The interpreter-employee's testimony about Ramirez's threat showed Ramirez's immediate awareness of guilt without suggesting an improper emotional basis for the jury's decision. We hold that the court did not err by admitting the evidence.

Even if the court erred by admitting this evidence, we can affirm the judgment if we determine beyond a reasonable doubt that the error did not contribute to the conviction. See Tex. R. App. P. 81(b)(2). The jury charge provided:

 

[i]f you believe from the evidence beyond a reasonable doubt that the defendant, RICARDO RAMIREZ, . . . did then and there, while in the course of committing theft and with intent to obtain or maintain control of the property of LARRY LEE, the said property being a roast, without the effective consent of the said LARRY LEE, and with intent to deprive the said LARRY LEE of said property, did then and there knowingly or intentionally threaten or place the said LARRY LEE in fear of imminent bodily injury, then you will find the defendant guilty of the offense of robbery, as charged in the indictment . . . .

 

Lee's uncontroverted testimony showed that Ramirez took the roast, stuffed it in his pants, and walked out. When confronted by Lee and another employee outside the store, Ramirez brandished the knife, placing Lee in fear of imminent bodily injury. When Lee and his fellow employee backed off, Ramirez walked away without returning the roast. The police confirmed that they found a knife and roast in Ramirez's pants.

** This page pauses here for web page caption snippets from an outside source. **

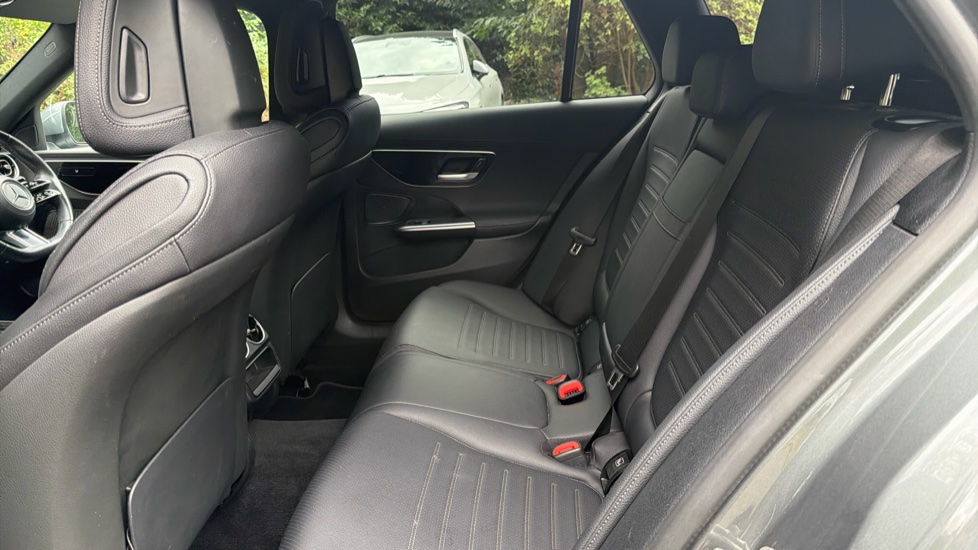 Mercedes-Benz C-Class C200 Sport 5dr 9G-Tronic Petrol Estate - Image 15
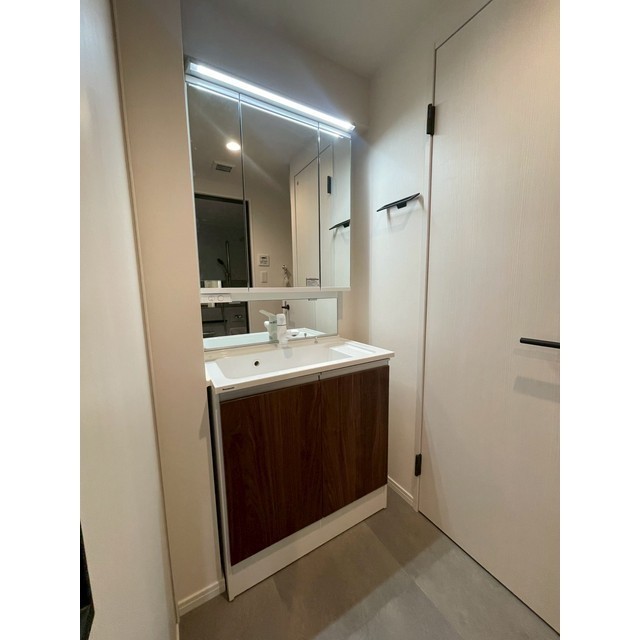 ハイラーク木場703号室 内観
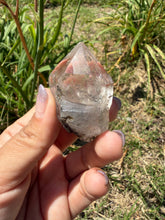 Load image into Gallery viewer, Natural Enhydro Quartz w/ Moving Bubble &amp;/or Carbon/Black Inclusions,A486
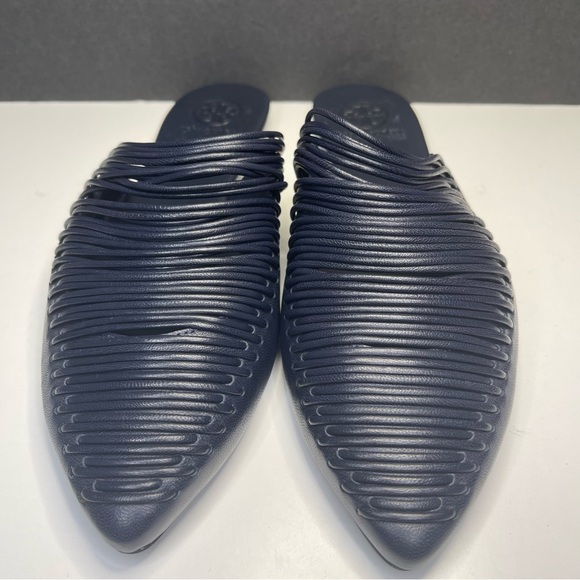 Tory Burch Sienna Woven Navy Blue Leather Mules Slide Sandals Shoes Size 6M - Picture 2 of 6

In light of the overwhelming, uncontroverted testimony establishing the elements of the offense of robbery, we are convinced beyond a reasonable doubt that the testimony regarding the threat did not contribute to the conviction.

We hold that the court did not commit error, much less harmful error, by admitting evidence of Ramirez's threat to "get" the people who called the police. We overrule point one and affirm the judgment.

 

Before Chief Justice Carroll, Justices Aboussie and Jones

Affirmed

Filed: August 23, 1995

Do Not Publish

1. Penal Code, 63d Leg., R.S., ch. 399, sec. 1, 29.02, 1973 Tex. Gen. Laws 883, 926 (Tex. Penal Code Ann. 29.02, since amended).